In a few weeks’ time Australia’s Westpac bank will start closing down the accounts of money transfer organizations used by immigrants to send money home. Westpac is the last major Australian bank still offering services to organizations in the country’s US$25bn remittance sector.

Two weeks ago, Merchant’s Bank of California also decided to close the accounts of all money transfer organizations (MTOs) sending money to Somalia. The source of Merchant’s decision appears to have been a cease-and-desist order issued by the Office of the Comptroller of Currency (OCC) in June, purportedly due to the bank’s failure to appropriately monitor the destination of remitted funds.

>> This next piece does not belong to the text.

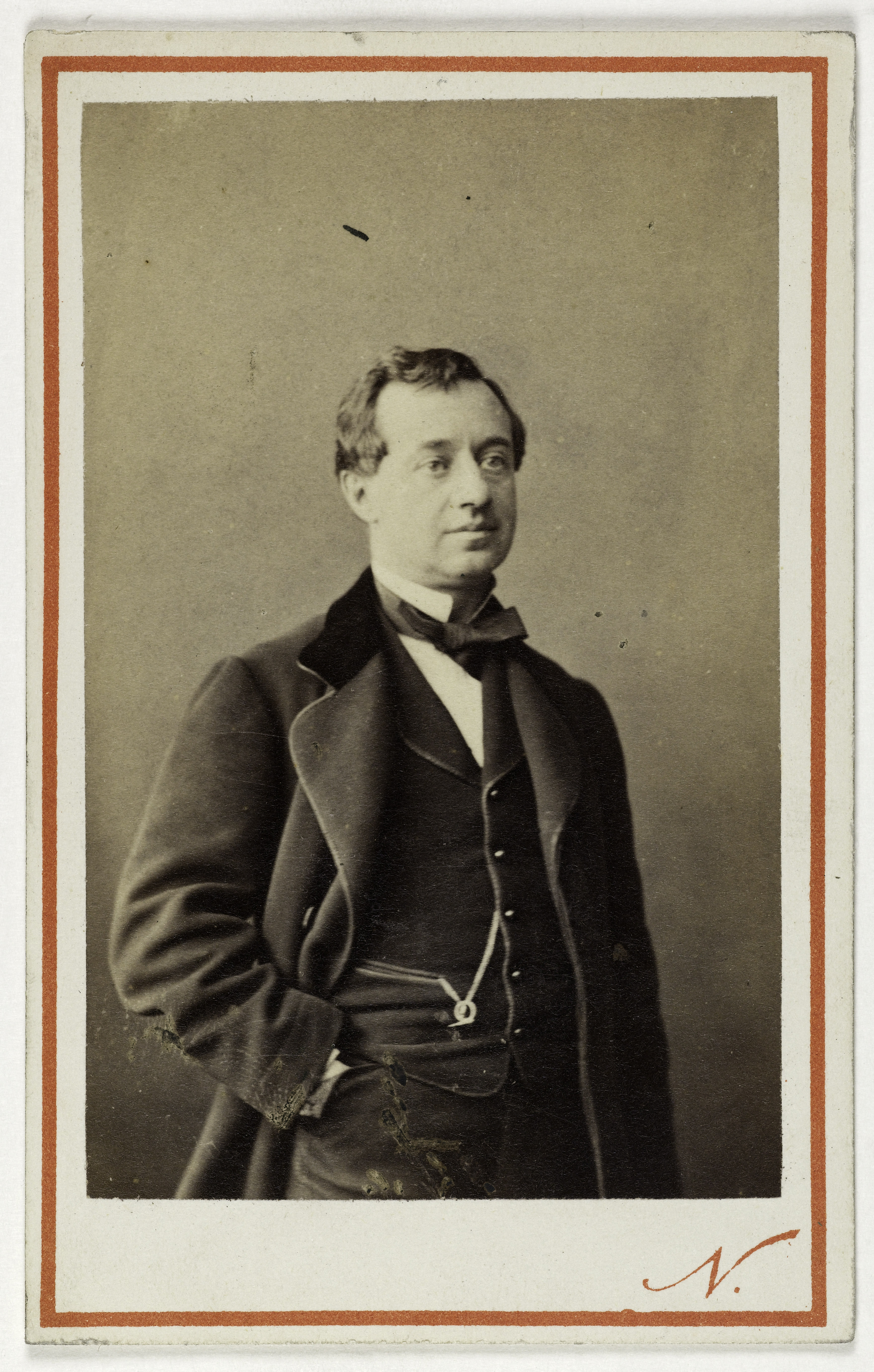 Atelier Nadar, Portrait de Got Edmond, (1822-1901), (acteur)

Unfortunately, we’re seeing a trend here. In 2013, Barclay’s closed the accounts of nearly 90% of its UK-based MTOs, despite being the last large bank in the country willing to do business with remitters. HSBC made the same decision the previous year, following a nearly US$2bn handed down by US regulators.

Regulators gone wild

This `de-banking’ is a response to growing pressure from national and international regulators to comply with rules on anti-money laundering and combating the financing of terrorism (AML/CFT). Since 2010, the Financial Action Task Force (FATF) has placed 23 countries on its `blacklist’ of nations seen as high risk for money laundering or terrorist financing, or as not doing enough to comply with international standards. That’s more than double the number from the previous five years.

Local regulators have responded by drastically increasing the fines they hand out. In the UK data shows the size of fines issued by the Financial Conduct Authority (formerly the FSA) skyrocketed in 2011, up to almost £10m in some years. That might not seem like a lot of money, but it highlights a trend in which banks now increasingly run the risk of large penalties. Last year, South Africa’s Reserve Bank fined its top four banks approximately $10m for AML violations. Just last week, the US Financial Crimes Enforcement Network (FinCEN) handed down a $20m fine to Oppenheimer & Co for similar problems with compliance.

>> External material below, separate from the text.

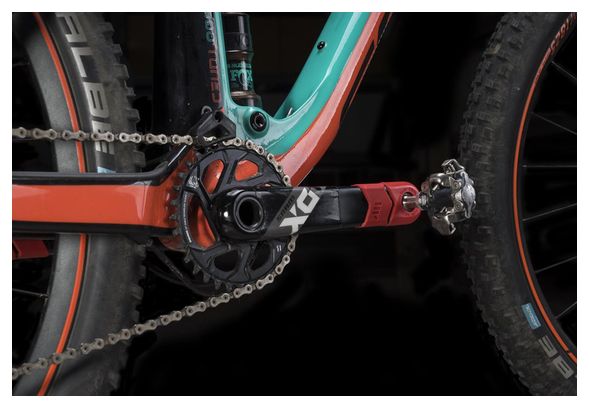All Mountain Style Crank Defender Crank Protector Red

Throwing remittances under the bus

Remittance companies do not bring in much money to the big banks, but the size and random nature of regulatory fines has turned these firms into a liability. Based on 2012 data, four out of the ten most popular destinations for UK remittances in the global south were placed on the FATF blacklist in the last five years. Many other countries which represent only a small portion of remittances (such as Somalia) nonetheless generate concerns over terrorist financing, which in turn raises the expected costs for banks who do business with them.

In testimony given during a legal battle over its decision to kick out its remittance clientele, Barclay’s admitted that it was regulatory pressure, combined with the `high risk’ nature of MTOs which led to their decision to largely withdraw from the market. Rather than assess their customers on a case-by-case basis, as recommended by bodies such as the FATF, Barclays and many other banks are instead opting to minimize their exposure by cutting out risky remittance corridors altogether.

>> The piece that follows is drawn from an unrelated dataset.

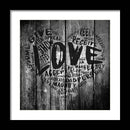 The Official Fine Art "LOVE" Print (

These decisions will ultimately drive up the costs of remitting. Sonia Plaza at the World Bank has documented a rise in bank remittance costs in Australia following its recent spate of de-banking. In the UK, while it is merely suggestive evidence at this point, the price of sending money to Somalia from the UK began climbing following the Barclays decision, despite previously being fairly similar in cost to other remittance corridors from the UK (note that the largest UK remittance provider to Somalia, Dahabshiil, won an injunction against its closure until late 2014). Rising costs mean less money in the pockets of receiving families as well as more cash traveling through informal channels - two pernicious effects that should alarm the development community and regulators alike.